Tek kelimelik bir tavsiye: Yerli halkın sahile
gittiği ve tüm şehrin bir ay süren siestada şımarttığı Ağustos ayında çok fazla
heyecan beklemeyin.
KISA
TARİH
Gradec tepesinin üstünde Demir Çağı
yerleşimlerinin kanıtlarına rağmen, Zagreb'in tarihi, Macaristan'ın Ladislas
kentinin kuzey Macaristan topraklarını daha sıkı Macar kontrolü altına almak
için burada bir piskoposluk kurduğu 1094 yılına kadar başlamaz. Macar tacı
Gradec'in karşısında bir garnizon tutarken, katedralin ve Kaptol'deki
piskoposluk binalarının kuşakları etrafında büyük bir kilise topluluğu
büyümüştür (kabaca “katedral bölüm” olarak geçmektedir). 1240–42 yıllarındaki
Moğol saldırılarını takiben Kral Bela IV, Gradec'i yerleşimcilerin ilgisini
çekmek ve kent yaşamını yeniden canlandırmak için kraliyet barındırmayan bir
şehir ilan etti.
Kaptol ve Gradec toplulukları nadiren toplandı
- nehri üzerindeki su değirmenlerinin kontrol edilmesi, sürekli bir düşmanlık
kaynağıydı. Toplumlararası mücadelenin en büyük salgını 1527'de gerçekleşti ve
bu da şu anda Hırvat topraklarının kontrolü altında olan Habsburg'lar
tarafından Kaptol'ün görevden alınmasıyla sonuçlandı. Bundan sonra Kaptol ve
Gradec'in ayrı kimlikleri ortadan kalkmaya başladı ve Zagrep ismi (kelimenin
tam anlamıyla, “tepenin arkasında” - Medvednica Dağı'nın etekindeki kasabanın
konumundan yapılan bir referans), her ikisinin de ortak bir adı olarak popüler
kullanıma girdi.
İÇ
HIRVATİSTAN
Hırvatistan'ın iç bölgelerini oluşturan
coğrafi bölgelerin kargaşası, bunun karşısında, birbiriyle çok az ortaklığa
sahip görünmektedir. Ne var ki, tarihsel olarak, iç taraftaki Hırvatlar, kıyıya
hakim olanlardan çok farklı bir dizi kültürel etkiyle birleştirildi. On ikinci
yüzyılın başlarında ortaçağ Hırvat krallığının çöküşünden sonra, iç Hırvatistan
ilk Macaristan'ın saltanatı altına düştü, daha sonra Orta Avrupa kültürünü ve
mimarisini giderek benimseyen Habsburg İmparatorluğu. Bu miras, markasını bırakmıştır:
sağlam, pastel çiftlik evleri, kırsal kesimde yer alırken, kiliseler spor soğan
kubbeleri ve Gotik kuleler ile birlikte, Venedik'in ilham kaynağı olan kıyıdaki
kampanyalar ile keskin bir tezat oluşturuyor.

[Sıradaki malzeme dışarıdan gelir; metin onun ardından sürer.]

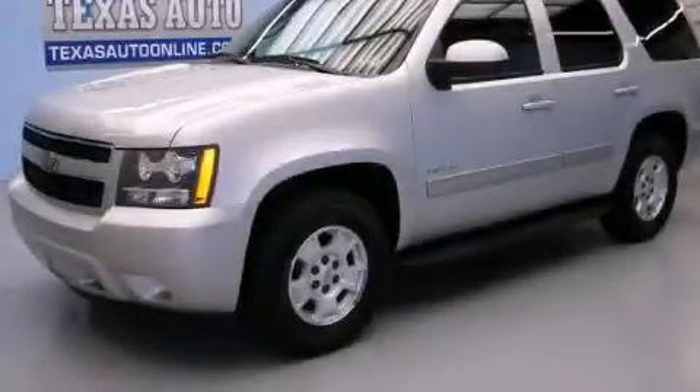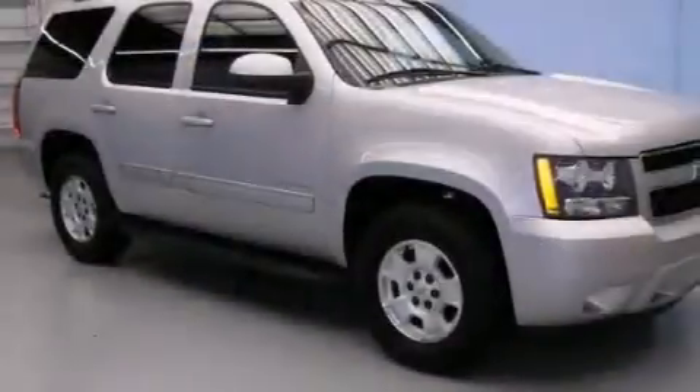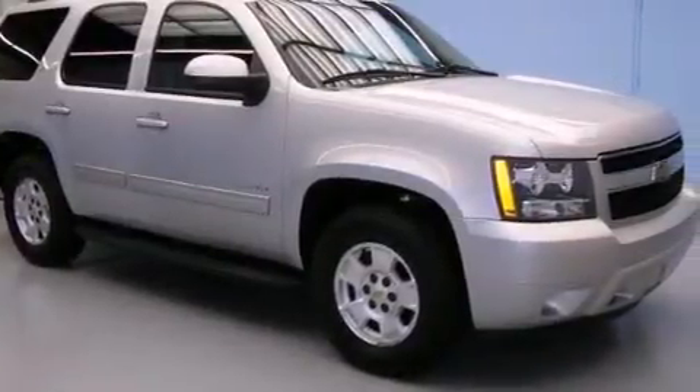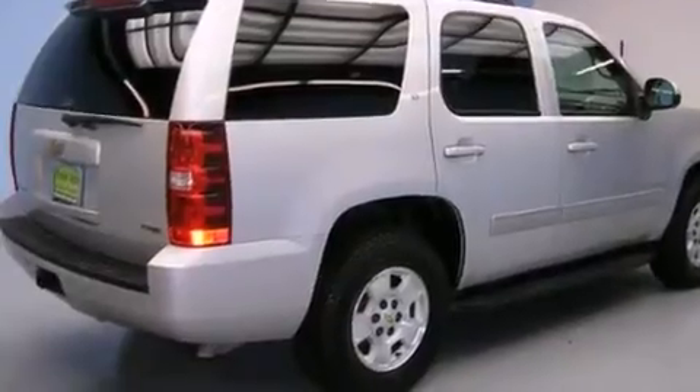This is a 2010 Chevrolet Tahoe — for when safety, size, and space are of importance. It features a 5.3-liter, eight-cylinder engine and an automatic transmission.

İç Hırvatistan'ın ana cazibesi, karşıt manzaralarda
yatmaktadır. Alpler'den Adriyatik'e uzanan dağ zincirleri, Zagreb'den doğu
Macaristan'a kadar uzanan Pannonian ovasını karşılar. Zagreb'in hemen kuzeyinde
yer alan Zagorje bölgesi, güney Avusturya'yı zirveleri ve kaleleriyle
anımsatırken, Zagreb'in güneybatısında Plitvice Gölleri'nin büyüleyici gölleri
ve şelaleleri bulunuyor. Başkentin sulak alanları çok daha az turistik ama aynı
derecede ödüllendirici olan Lonjsko polje Doğa Parkı, arkaik ahşap yapılı
köylerin ve kuş gözlemciliği olanaklarının bir karışımını sunuyor. Doğu
Slavonia eyaleti, kısmen yeşil tepelerin kısmen kırıldığı düz, kareli tarım
arazilerine sahiptir. Eyaletin kuzeydoğu köşesinde yer alan Kopački rit Tabiat
Parkı, sulak alanların ve batık ormanların yaban hayatı açısından zengin bir
harikasıdır. Kırsal turizmin, Zagorje, Plitvice, Lonjsko polje ve Kopački
ritinde yetişen köy B & B'leri, folksy restoranları ve iyi imzalı bisiklet
yollarıyla büyük bir şekilde kalktığı bu doğal güzellik alanlarındadır. Üzüm
bağları ve şarap mahzenleri, özellikle güneydoğudaki Ilok civarında, turizmin
büyüyen bir özelliği.
Bölgede ayrıca, eyalet Habsburg yaşamının
zarafetinden bir şeylerin yaşandığı, iyi korunmuş Barok şehirleri bulunan
değerli şehir merkezleri de bulunmaktadır. Bunların en ilginci, Zagreb'in
kuzeydoğusundaki Varaždin ve doğu Slavonya'da eski bir kale kasabası olan
Osijek. Vukovar'daki bazı kavrama müzeleri ve Ilok'taki bir şarapçılık
endüstrisi, Hırvatistan'ın güneydoğu köşesine seyahatinizi uzatmak için ideal
teşvikler sunmaktadır.
İSTİRA
Kuzey Adriyatik, Istria (Hırvatça, “Istra”)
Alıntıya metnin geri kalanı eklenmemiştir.